Our present and past [4] results support maximal lung recruitment and minimal tidal ventilation, as during low-frequency positive-pressure ventilation with extracorporeal carbon dioxide removal [31]. However, caution is advised in translating data from pre-clinical experience to humans with injured lungs. For instance, another strategy based on the same sound rationale − high-frequency oscillatory ventilation − recently failed to benefit patients with acute respiratory distress syndrome [32, 33], despite promising pre-clinical results.

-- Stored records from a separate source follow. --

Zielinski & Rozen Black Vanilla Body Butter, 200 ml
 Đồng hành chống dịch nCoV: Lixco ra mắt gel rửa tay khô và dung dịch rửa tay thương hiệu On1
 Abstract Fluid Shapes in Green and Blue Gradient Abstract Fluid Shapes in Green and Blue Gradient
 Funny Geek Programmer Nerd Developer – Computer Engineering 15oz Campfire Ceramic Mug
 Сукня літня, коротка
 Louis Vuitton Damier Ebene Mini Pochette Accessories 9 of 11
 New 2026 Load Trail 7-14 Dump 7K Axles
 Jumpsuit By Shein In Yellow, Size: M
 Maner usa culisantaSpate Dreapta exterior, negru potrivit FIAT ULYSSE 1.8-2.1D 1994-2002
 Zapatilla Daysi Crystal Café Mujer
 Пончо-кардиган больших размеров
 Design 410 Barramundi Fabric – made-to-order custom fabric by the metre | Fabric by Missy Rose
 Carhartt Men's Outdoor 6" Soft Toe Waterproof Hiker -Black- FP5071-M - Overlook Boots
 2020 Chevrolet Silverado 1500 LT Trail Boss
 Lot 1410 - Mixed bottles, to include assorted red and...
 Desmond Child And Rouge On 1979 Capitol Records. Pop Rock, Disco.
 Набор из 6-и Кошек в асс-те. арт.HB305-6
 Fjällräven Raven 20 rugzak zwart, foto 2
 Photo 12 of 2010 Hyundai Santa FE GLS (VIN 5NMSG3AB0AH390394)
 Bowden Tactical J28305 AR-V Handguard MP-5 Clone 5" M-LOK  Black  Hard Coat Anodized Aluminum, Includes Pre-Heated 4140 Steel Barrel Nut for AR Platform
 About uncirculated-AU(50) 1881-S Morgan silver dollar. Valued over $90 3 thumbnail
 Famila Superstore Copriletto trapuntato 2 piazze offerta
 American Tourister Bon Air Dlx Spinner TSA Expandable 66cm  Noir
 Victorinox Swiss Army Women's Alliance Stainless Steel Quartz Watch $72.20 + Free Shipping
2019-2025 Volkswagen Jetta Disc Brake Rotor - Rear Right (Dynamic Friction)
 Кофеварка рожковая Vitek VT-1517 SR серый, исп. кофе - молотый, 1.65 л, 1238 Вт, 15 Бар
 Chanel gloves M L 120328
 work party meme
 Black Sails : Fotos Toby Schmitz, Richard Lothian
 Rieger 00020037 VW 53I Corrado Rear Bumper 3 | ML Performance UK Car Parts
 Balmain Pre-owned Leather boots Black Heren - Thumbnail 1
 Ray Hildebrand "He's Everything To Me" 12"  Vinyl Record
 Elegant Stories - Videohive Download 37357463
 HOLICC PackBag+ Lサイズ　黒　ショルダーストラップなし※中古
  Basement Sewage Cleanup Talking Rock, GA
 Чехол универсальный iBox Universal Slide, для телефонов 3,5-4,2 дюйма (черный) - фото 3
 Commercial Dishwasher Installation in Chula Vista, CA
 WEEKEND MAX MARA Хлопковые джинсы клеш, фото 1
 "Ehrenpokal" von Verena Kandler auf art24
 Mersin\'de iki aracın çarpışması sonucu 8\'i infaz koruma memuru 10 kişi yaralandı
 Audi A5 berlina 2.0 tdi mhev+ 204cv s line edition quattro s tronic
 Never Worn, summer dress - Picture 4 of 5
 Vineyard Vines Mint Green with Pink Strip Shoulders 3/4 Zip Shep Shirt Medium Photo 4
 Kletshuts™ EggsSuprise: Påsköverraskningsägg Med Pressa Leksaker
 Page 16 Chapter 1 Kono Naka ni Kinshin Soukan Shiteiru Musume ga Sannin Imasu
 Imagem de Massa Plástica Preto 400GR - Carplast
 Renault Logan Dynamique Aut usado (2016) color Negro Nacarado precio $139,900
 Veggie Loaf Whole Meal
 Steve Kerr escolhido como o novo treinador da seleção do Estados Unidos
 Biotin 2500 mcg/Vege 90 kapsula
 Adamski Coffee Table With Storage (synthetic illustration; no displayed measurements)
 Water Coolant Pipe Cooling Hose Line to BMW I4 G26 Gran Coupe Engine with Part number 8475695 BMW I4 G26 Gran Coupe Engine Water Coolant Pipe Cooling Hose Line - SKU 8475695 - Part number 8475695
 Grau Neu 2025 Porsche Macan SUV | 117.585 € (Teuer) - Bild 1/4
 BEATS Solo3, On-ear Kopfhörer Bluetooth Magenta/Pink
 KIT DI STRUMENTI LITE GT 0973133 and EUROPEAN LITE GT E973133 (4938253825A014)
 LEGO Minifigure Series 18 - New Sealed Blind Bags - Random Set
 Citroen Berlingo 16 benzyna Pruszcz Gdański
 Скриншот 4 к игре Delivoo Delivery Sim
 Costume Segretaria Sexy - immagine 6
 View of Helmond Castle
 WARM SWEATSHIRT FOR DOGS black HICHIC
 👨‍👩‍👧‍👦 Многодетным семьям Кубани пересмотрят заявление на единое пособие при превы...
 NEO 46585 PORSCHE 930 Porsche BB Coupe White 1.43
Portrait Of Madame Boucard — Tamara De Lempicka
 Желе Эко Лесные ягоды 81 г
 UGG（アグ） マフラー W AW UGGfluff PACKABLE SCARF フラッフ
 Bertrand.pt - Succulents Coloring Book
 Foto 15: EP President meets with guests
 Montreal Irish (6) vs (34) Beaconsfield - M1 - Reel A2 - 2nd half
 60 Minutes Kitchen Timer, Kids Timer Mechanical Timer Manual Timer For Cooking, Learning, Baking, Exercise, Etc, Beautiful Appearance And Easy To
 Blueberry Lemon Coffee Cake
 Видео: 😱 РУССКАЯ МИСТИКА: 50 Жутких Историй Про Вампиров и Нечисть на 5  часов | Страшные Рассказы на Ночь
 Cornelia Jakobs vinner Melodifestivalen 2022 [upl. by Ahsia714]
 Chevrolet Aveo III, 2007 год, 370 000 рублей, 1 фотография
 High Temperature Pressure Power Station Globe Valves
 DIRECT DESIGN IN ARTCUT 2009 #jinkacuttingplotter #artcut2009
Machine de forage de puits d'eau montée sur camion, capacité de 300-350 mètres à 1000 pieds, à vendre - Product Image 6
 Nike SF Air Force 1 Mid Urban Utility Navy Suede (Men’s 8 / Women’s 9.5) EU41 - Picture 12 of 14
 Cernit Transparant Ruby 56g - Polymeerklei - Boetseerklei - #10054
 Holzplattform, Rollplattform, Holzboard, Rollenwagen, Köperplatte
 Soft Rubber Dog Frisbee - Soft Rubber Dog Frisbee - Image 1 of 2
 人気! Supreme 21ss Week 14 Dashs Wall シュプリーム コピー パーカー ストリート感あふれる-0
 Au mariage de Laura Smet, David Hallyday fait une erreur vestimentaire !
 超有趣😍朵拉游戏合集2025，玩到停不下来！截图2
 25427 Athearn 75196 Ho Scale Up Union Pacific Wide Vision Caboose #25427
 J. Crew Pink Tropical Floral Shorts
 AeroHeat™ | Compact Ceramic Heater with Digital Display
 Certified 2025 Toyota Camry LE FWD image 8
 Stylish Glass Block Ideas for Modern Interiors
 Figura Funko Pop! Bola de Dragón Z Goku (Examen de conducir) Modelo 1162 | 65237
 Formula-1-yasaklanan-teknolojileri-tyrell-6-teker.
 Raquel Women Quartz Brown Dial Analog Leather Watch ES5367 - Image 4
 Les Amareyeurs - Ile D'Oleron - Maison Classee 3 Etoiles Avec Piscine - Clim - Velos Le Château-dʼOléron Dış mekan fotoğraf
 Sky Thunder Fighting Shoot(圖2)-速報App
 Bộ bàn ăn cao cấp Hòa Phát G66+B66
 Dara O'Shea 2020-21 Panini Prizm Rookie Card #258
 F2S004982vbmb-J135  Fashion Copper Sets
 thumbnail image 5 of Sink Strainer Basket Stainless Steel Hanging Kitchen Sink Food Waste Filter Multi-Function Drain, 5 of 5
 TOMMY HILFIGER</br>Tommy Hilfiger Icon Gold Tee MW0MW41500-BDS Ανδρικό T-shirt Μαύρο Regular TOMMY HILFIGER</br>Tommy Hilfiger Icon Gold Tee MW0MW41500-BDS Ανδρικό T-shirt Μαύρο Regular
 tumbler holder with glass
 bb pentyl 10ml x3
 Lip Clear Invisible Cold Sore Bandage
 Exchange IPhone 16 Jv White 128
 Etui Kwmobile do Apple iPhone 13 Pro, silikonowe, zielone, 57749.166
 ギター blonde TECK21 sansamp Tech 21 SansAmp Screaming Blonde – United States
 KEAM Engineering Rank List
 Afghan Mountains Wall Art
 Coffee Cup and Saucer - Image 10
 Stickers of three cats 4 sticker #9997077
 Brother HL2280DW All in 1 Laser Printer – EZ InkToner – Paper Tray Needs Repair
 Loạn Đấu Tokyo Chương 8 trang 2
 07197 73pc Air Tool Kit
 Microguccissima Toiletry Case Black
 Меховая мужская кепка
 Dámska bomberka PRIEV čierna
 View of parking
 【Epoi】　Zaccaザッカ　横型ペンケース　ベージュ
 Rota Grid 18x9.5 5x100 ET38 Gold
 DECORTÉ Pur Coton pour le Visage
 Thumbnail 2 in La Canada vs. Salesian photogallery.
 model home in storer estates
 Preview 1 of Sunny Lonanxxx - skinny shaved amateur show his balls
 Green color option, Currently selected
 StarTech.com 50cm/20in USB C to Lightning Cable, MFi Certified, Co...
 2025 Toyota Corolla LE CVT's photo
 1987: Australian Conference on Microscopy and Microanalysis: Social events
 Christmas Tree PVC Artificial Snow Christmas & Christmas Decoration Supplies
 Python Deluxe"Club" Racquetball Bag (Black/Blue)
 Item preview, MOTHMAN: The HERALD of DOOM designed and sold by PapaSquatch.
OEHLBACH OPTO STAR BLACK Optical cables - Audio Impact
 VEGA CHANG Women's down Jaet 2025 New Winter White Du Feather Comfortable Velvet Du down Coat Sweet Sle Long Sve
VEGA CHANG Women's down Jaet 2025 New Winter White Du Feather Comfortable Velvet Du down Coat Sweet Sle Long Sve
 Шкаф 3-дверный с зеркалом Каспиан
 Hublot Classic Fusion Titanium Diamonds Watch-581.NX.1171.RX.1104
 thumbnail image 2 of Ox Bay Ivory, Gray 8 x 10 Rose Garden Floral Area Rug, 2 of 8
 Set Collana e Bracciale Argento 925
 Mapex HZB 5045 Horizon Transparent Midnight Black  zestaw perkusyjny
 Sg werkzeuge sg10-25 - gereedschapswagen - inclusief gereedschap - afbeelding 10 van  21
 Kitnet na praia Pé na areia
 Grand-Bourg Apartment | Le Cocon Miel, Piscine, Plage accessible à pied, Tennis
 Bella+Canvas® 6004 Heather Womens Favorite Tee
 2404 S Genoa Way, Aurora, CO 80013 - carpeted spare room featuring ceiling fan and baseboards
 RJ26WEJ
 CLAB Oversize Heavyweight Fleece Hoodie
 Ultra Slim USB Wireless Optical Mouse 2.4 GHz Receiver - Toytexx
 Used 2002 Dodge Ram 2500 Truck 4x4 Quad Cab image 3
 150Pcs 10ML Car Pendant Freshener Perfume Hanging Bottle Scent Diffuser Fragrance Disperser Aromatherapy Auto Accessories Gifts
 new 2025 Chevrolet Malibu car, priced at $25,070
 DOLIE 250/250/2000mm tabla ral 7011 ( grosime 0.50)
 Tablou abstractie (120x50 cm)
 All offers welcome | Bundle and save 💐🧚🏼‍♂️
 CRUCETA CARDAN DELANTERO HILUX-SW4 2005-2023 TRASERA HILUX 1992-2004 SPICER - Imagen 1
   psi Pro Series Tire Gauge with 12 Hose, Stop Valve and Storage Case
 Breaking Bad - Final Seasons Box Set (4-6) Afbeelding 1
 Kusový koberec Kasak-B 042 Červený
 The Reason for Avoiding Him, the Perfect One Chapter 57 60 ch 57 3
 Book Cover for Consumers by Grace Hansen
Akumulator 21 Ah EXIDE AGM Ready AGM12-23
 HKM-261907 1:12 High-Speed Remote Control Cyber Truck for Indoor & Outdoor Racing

Some limitations of this study deserve a comment. First, only five animals were enrolled because, even in such a small group, results were highly consistent and reproducible. Second, haemodynamic monitoring did not include echocardiography. Although some degree of tricuspid regurgitation may have occurred during the first part of the study (undermining cardiac output measurement), this likely reversed once PEEP had been removed. By that time, not only cardiac output but several other haemodynamic variables (for instance, blood pressure, diuresis, urinary electrolytes, arteriovenous oxygen difference and lactatemia) were normal (or even above normal). The bulk of the data strongly suggest that low cardiac output was not an issue, at least during the second part of the study. Third, integrity and permeability of the blood-gas barrier were not directly assessed and minor changes cannot be completely excluded; but still, pulmonary oedema, de facto, never occurred. Finally, lung injury may have rapidly reversed once overinflation had been suddenly removed [22]; however, lowering mean airway pressure once the blood-gas barrier has been damaged usually causes alveolar flooding, with precipitous deterioration of lung mechanics and gas exchange [27].

Conclusions

Ventilation with high PEEP and low VT does not cause oedema in healthy lungs, not even after PEEP has been suddenly removed and pulmonary haemodynamics have returned to normal. This suggests that large, but mainly static, lung inflation does not permanently alter the integrity and permeability of the blood-gas barrier.

Key messages

  • Healthy lungs ventilated with high PEEP and low VT do not develop pulmonary oedema, even if globally inflated up to their total capacity.

  • High PEEP (and low VT) do not merely hydrostatically counteract pulmonary fluid extravasation.

  • Mechanical ventilation with high PEEP and low VT does not grossly injure the blood-gas barrier in healthy lungs.